━━━━━ INPUT MATERIAL ━━━━━

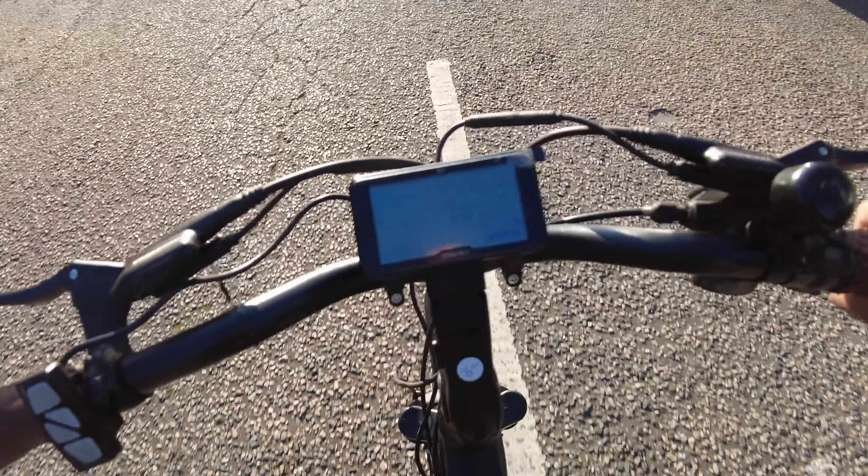Right now I'm in pedal assist one. Now let's move up one level. So now — whoa — this is pedal assist two. Pedal assist three — whoa, okay, this is really really good.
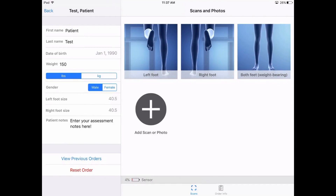The following is a brief tutorial on how to take a full weight bearing scan with the orthogenic scanner. On your patient file, tap the both feet weight bearing image.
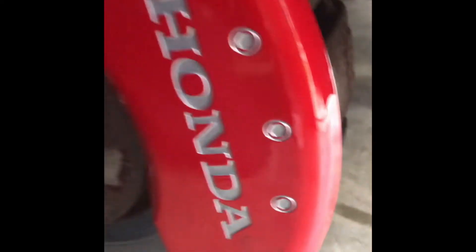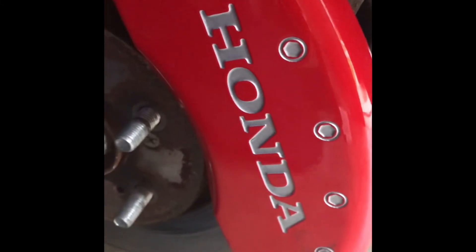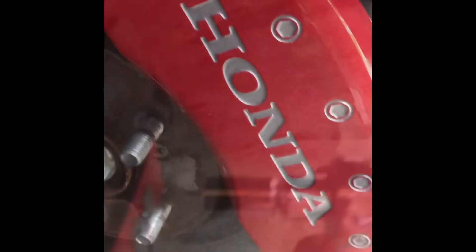The bottom clip goes underneath like so, onto the provided screw and nut with the lock washer. Once you tighten that down, this will be all done. Then I'm going to do the other side and then the back, like so.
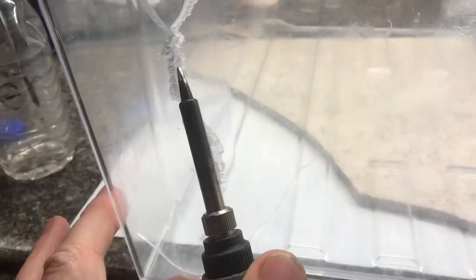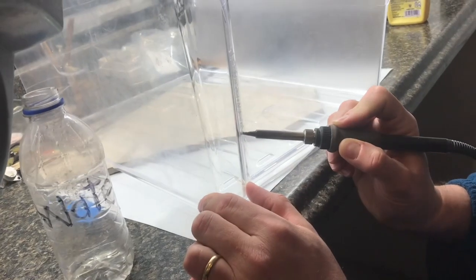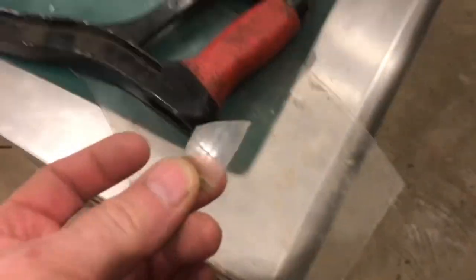Refrigerator drawers are not cheap — we're going to fix them. They're like 80 bucks new. I'm going to use a soldering iron to stitch them back together.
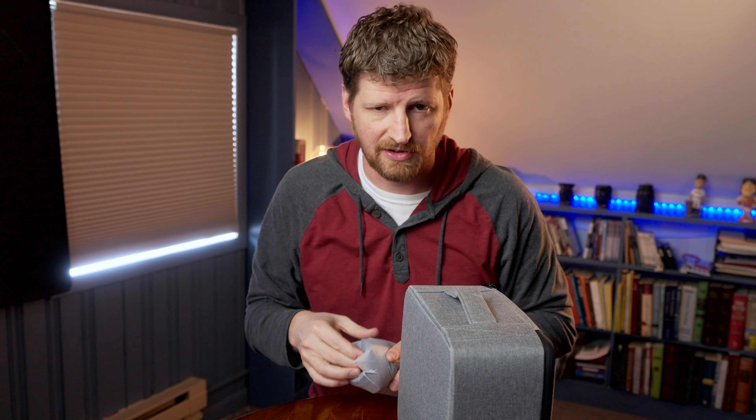Thanks for this impromptu unboxing. Like and subscribe if you enjoy the randomness of this channel, and we'll see you on the next one. See ya.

━━━━━

**YOUR TASK**
Please write out every line of the listing above exactly, and leave the images behind.

**ANSWER FOR THE TASK**
Right now I'm in pedal assist one. Now let's move up one level. So now — whoa — this is pedal assist two. Pedal assist three — whoa, okay, this is really really good.
The following is a brief tutorial on how to take a full weight bearing scan with the orthogenic scanner. On your patient file, tap the both feet weight bearing image.
The bottom clip goes underneath like so, onto the provided screw and nut with the lock washer. Once you tighten that down, this will be all done. Then I'm going to do the other side and then the back, like so.
Refrigerator drawers are not cheap — we're going to fix them. They're like 80 bucks new. I'm going to use a soldering iron to stitch them back together.
Thanks for this impromptu unboxing. Like and subscribe if you enjoy the randomness of this channel, and we'll see you on the next one. See ya.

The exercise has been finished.